Their method is to follow a client everywhere, taking notes on all that he does. "Even into the bathroom?" Yes, even into the bathroom. Bernard and Vivian now begin to be seen in the backgrounds of many shots, or outside the windows, or behind the door, or under the furniture, taking notes. They need to see everything in his life because they believe that everything is connected, and so to know everything is to know all the connections.

Brad the double-crossing executive decides to undercut Albert by hiring the detectives to also follow him and Dawn around. Albert, meanwhile, meets a fireman named Tommy (Mark Wahlberg). Tommy is so eco-conscious that he refuses to ride the fire truck to fires, pedaling alongside on his bike. (He usually gets there first.) Tommy for reasons unclear to me knows about another Existential Detective named Caterine Vauban (Isabelle Huppert), who is from France. She is an old enemy of the Jaffes, and no wonder: French existentialists define themselves by being old enemies. Catherine has a peculiar sex scene in a mud puddle.

Everybody talks a lot, the Jaffes in particular. They do a kind of double act, finishing or repeating each other's sentences. They seem to believe quantum physics is somehow involved in their theories, and talk about how two objects can be in different places at the same time -- no, hold on, that's the easy part. They talk about how the same object can be in two places at once.

Their discussions about this quantum phenomenon reminded me wonderfully of the explanations of the same topic in "What the #$*! Do We Know," a recent "documentary" in which one of the "expert physicists" has been unmasked as a chiropractor, and the filmmakers are all followers of Ramtha, a 35,000-year-old spirit guide from Atlantis. Because nobody knows $#!t about quantum physics, this doc actually got respectful reviews from gullible critics like me, because it made about as much sense as most of what I've read on the subject.
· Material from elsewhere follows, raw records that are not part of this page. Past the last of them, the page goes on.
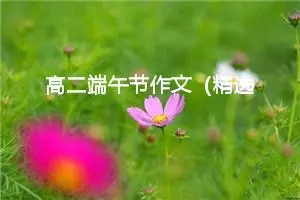 高二端午节作文（精选10篇）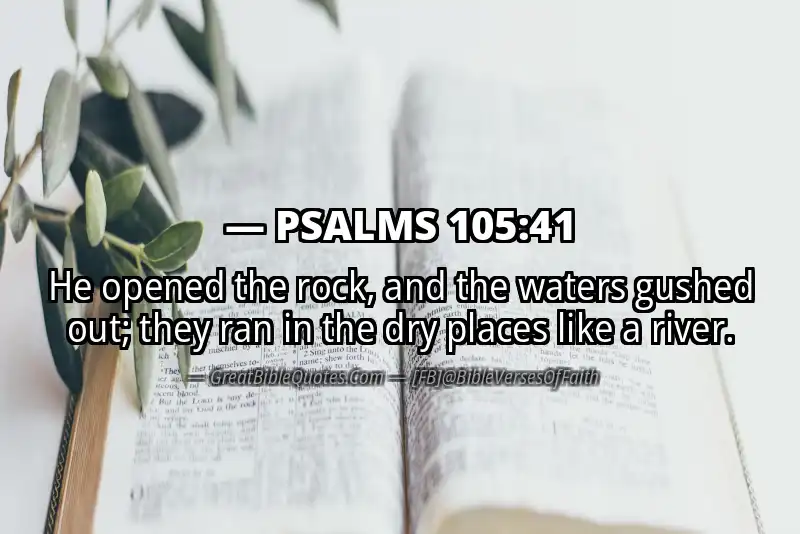 PSALMS 105:41 Verse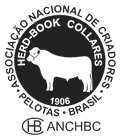 logo-05-anchbc-preto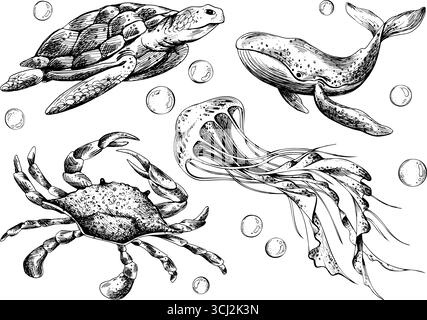 Handgezeichnete Strichgrafik-Illustration von Schildkröte, Krabbe, Wal und Quallen. Nautische Kollektion mit schwarzer Tinte und Blasen, perfekt für Clipart und Marine Stock Vektor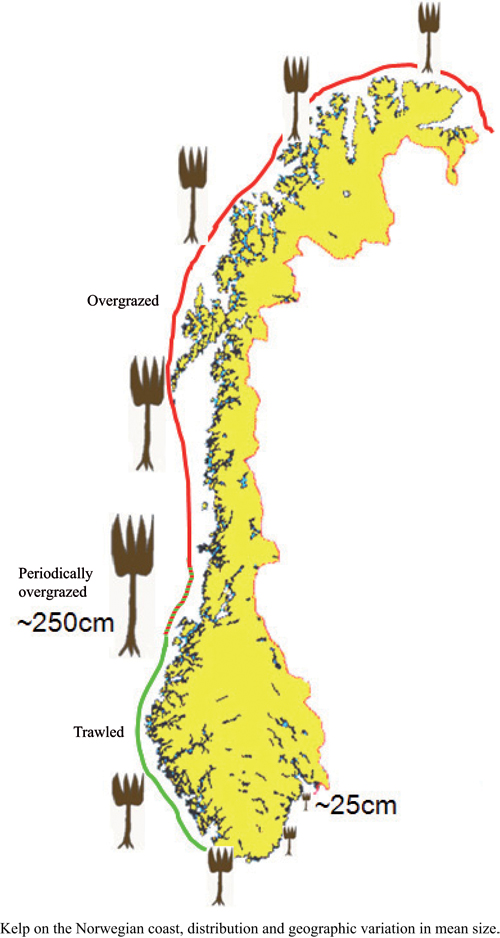 Figure 5-4.EPS Distribution of Laminaria hyperborea along the Norwegian coast
 and geographical variation in average size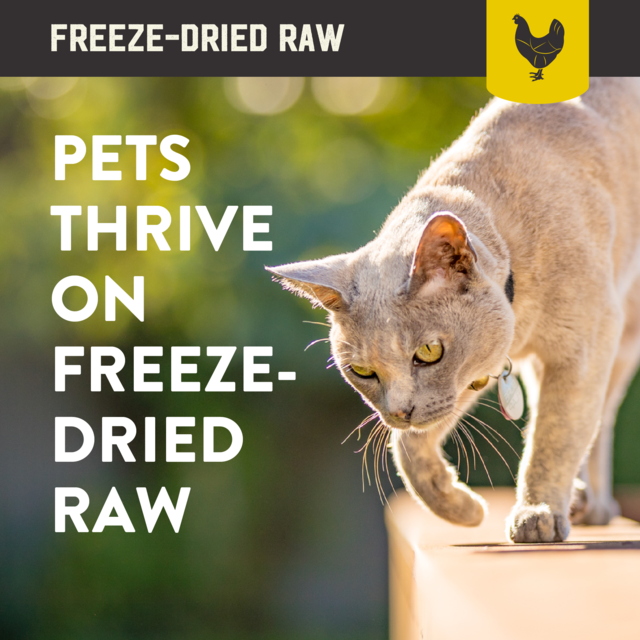 Kiwi Kitchens Chicken Freeze Dried Cat Food - Product Image 6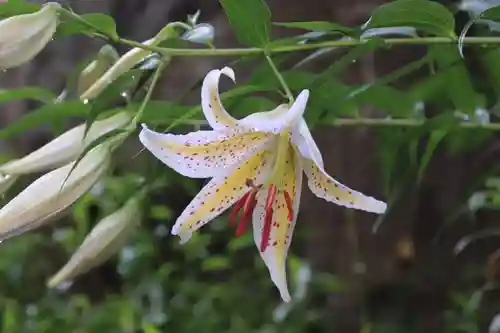 王宮伊豆神社の自然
Individual moments and lines and events in "I Heart Huckabees" are funny in and of themselves. Viewers may be mystified but will occasionally be amused. It took boundless optimism and energy for Russell to make the film, but it reminds me of the Buster Keaton short where he builds a boat but doesn't know how to get it out of the basement. The actors soldier away like the professionals they are, saying the words as if they mean something. Only Wahlberg is canny enough to play his role completely straight, as if he has no idea the movie might be funny. The others all seem trying to get in on the joke, which is a neat trick. I will award a shiny new dime to anyone who can figure out what the joke is.